This uses an access token (the project_71_bot:$JULIA_REGISTRATOR_TOKEN stuff) to obtain credentials for the registry project and is run on every commit to master (but not on merge requests). If the version number has not been bumped, the LocalRegistry.register call won’t do anything. Merge requests for the registry are created by the create_gitlab_mr option and as soon as the registry CI job has passed they are automatically merged and immediately available.

  • Package Server

Packages are distributed using an in-house package server driven by the LocalPackageServer package. This means that the users have to set the environment variable JULIA_PKG_SERVER to point to this package server but they don’t have to add the company registry by URL, and they don’t need to have or bother with credentials for the GitLab server.

12 Likes

Thanks @ArnaudHenry and @GunnarFarneback for all the precious info.

So to sum up:

  • At the registry level

    • The registry can be created as for any other local registry using LocalRegistry.create_registry on the dedicated bare repo.
    • The registry should have a CI test job using RegistryCI.test in order to verify its integrity any time a package or a new version of a package is registered.
  • At the package level

    • Preferably, but not mandatory, julia packages should have their own separate repo.
    • A package should have several CI jobs
      1. A test job
      2. A registration job
      3. An optional documentation job

Some points are still unclear to me though your answers are already a lot:

  • @GunnarFarneback Is a package server required ? So far I’m just installing the registry on my pc and everything works fine.
  • @ArnaudHenry Are all the CI jobs done with a julia docker image ? How do you configure that part (sorry if it’s too much to ask)
  • @ArnaudHenry You developed TagBotGitlab with python, is it because GitHub - JuliaComputing/GitLab.jl is not developed ? Wouldn’t it be more straightforward to use that (if it were more advanced) ?

Anyway thanks again for all these tips, now I have to get into digesting this and test it on my setup !

1 Like

It’s a sound thing to do but to be honest I’ve never seen it fail. Then again, should I happen to introduce a bad enough bug in LocalRegistry, you may save time from detecting it early.

Not at all, it’s just a quality of life improvement if your organization struggles with GitLab credentials or have less technically inclined users who find adding a registry URL with Julia’s package manager to be an obscure thing to do.

Additionally it lets you cache packages and artifacts inside your internal network, which may or may not be an interesting feature.

1 Like

Assuming the registry to be public (inside my organization) could the package server bypass the Gitlab safeties, e.g. if a user does not have access to a package repo, could he install it through the package server ? That looks like some sort of a backdoor if it’s the case ^^.

If you have people inside your organization who shouldn’t be allowed read-only access to the Julia package code, you either shouldn’t have a package server or set up that as well with some kind of credentials for access.

If all people can be trusted with that access and your security model is fine with exposing code openly on the internal network, it’s rather a feature not having to deal with keys or tokens when you install Julia packages (whether it’s for users or in CI scripts).

1 Like

My solution was to make a JuliaPkgs group where every user has at least read access.
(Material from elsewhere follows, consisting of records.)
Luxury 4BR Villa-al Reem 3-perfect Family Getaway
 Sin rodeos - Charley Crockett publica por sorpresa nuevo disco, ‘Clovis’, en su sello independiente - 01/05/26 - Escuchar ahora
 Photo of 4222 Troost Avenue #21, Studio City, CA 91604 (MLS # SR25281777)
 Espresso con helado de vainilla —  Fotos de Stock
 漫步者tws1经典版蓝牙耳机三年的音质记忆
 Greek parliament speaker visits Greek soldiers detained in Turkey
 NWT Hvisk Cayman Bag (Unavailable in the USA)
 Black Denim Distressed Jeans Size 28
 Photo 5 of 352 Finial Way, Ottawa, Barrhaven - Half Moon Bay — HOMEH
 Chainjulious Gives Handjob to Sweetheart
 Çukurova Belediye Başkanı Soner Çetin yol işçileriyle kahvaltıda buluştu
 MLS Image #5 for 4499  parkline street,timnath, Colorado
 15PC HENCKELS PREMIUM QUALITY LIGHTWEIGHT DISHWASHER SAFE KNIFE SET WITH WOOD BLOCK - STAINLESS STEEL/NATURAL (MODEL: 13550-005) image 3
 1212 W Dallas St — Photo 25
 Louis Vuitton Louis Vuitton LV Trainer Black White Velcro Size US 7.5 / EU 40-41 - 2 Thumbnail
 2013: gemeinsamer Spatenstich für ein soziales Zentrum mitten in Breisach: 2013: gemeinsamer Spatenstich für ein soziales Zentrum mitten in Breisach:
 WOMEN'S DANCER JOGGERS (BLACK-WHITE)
All registered packages are in this group.

Thanks @ArnaudHenry for the detailed explanation and your work at Invenia. I’ve been using PkgTemplates.jl at my company recently and it has provent to be very useful.

Actually, I think this explanation - which is very good - could be almost published “as is” in julia Forem, don’t you think?

Providing with all relevant information in one place about how to implement a proper Julia CI/CD would surely help spreading its use in companies. I’ve found myself struggling a bit to gather all the relevant bits to do so.

BTW, thanks also @GunnarFarneback for LocalRegistry.jl, which was very usefull too.

4 Likes

Sorry for the late reply. Note I wasn’t there when all this was setup, so doing a bit of digging / learning myself :slight_smile:

Are all the CI jobs done with a julia docker image ? How do you configure that part

Yes we try to use docker jobs as much as possible.
Our docker jobs run on an image we build ourselves, based off amazonlinux:2 and where we install julia and other utilities like aws cli, and also git clone our private PackageRegistry into it.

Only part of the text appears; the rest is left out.